━━ INFORMATION SUPPLIED ━━

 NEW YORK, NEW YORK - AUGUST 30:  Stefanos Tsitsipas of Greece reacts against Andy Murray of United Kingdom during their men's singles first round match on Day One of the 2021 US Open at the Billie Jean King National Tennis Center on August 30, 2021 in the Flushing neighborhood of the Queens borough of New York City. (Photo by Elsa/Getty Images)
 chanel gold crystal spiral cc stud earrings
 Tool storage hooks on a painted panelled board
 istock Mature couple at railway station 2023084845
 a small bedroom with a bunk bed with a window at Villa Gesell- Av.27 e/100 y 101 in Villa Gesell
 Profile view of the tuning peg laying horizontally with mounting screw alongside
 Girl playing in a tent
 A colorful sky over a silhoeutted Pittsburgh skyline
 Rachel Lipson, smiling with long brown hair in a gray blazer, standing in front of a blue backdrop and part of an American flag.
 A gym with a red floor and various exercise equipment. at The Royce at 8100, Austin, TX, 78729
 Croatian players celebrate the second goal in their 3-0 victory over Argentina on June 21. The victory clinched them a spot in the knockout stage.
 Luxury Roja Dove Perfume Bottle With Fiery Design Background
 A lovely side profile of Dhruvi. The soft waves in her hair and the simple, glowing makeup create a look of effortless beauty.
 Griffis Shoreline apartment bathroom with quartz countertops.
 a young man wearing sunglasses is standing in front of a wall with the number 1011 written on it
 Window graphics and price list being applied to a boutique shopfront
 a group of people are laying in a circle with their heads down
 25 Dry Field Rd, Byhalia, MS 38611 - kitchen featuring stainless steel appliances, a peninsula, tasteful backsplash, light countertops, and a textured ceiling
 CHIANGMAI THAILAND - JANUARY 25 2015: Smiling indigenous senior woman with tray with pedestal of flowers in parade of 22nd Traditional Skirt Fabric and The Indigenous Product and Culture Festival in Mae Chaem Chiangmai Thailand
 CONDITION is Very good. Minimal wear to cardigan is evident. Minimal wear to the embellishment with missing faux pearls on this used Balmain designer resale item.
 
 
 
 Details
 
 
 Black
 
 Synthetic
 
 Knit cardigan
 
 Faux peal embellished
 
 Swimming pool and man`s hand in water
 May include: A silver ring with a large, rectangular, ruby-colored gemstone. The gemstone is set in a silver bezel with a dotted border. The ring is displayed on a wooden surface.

━━━

### EXERCISE AIM
Look through the lines above for "hair". Say how many have it, and give no other words.

### EXERCISE RESULT
2